Task brief ▸
Would you copy out each line of the records below that includes the word "Pack"?

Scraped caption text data
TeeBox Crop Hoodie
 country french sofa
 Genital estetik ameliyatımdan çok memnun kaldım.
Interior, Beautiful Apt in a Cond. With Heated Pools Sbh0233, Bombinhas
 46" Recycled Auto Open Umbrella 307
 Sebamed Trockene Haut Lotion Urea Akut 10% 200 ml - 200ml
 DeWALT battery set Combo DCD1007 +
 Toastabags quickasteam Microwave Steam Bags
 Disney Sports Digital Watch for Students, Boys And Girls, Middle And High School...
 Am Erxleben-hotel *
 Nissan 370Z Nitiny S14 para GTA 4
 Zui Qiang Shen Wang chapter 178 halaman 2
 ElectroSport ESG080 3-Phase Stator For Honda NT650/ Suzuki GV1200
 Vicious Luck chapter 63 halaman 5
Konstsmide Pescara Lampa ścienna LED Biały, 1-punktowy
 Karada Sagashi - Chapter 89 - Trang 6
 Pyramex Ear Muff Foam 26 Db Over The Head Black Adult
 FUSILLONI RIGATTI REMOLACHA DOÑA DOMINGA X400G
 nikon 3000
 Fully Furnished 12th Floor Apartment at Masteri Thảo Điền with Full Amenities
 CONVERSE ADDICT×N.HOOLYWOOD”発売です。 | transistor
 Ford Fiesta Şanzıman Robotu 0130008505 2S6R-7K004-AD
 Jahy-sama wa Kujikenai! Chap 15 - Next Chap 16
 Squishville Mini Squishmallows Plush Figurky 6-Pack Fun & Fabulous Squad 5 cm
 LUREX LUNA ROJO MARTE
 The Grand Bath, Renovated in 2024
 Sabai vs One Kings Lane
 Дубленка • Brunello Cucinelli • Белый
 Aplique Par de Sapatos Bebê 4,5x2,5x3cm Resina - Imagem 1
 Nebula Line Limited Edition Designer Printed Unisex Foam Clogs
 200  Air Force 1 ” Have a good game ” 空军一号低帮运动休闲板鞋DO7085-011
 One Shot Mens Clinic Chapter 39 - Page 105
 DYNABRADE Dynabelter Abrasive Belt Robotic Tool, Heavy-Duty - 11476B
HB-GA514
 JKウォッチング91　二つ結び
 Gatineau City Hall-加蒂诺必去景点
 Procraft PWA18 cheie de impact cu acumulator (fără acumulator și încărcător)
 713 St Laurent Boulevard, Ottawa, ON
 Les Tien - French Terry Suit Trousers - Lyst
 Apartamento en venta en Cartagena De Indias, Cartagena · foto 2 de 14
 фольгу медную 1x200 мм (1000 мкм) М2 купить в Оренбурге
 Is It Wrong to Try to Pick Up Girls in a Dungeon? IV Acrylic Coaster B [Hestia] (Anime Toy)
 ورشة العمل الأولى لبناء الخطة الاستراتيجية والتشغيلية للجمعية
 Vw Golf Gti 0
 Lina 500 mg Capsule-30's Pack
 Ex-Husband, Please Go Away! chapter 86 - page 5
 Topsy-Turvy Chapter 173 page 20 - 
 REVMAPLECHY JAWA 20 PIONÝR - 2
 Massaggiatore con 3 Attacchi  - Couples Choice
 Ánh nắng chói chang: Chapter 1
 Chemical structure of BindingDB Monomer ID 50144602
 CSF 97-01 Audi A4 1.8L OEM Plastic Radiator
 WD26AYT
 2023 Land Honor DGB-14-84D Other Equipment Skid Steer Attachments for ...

Exercise answer ▸
 Squishville Mini Squishmallows Plush Figurky 6-Pack Fun & Fabulous Squad 5 cm
 Lina 500 mg Capsule-30's Pack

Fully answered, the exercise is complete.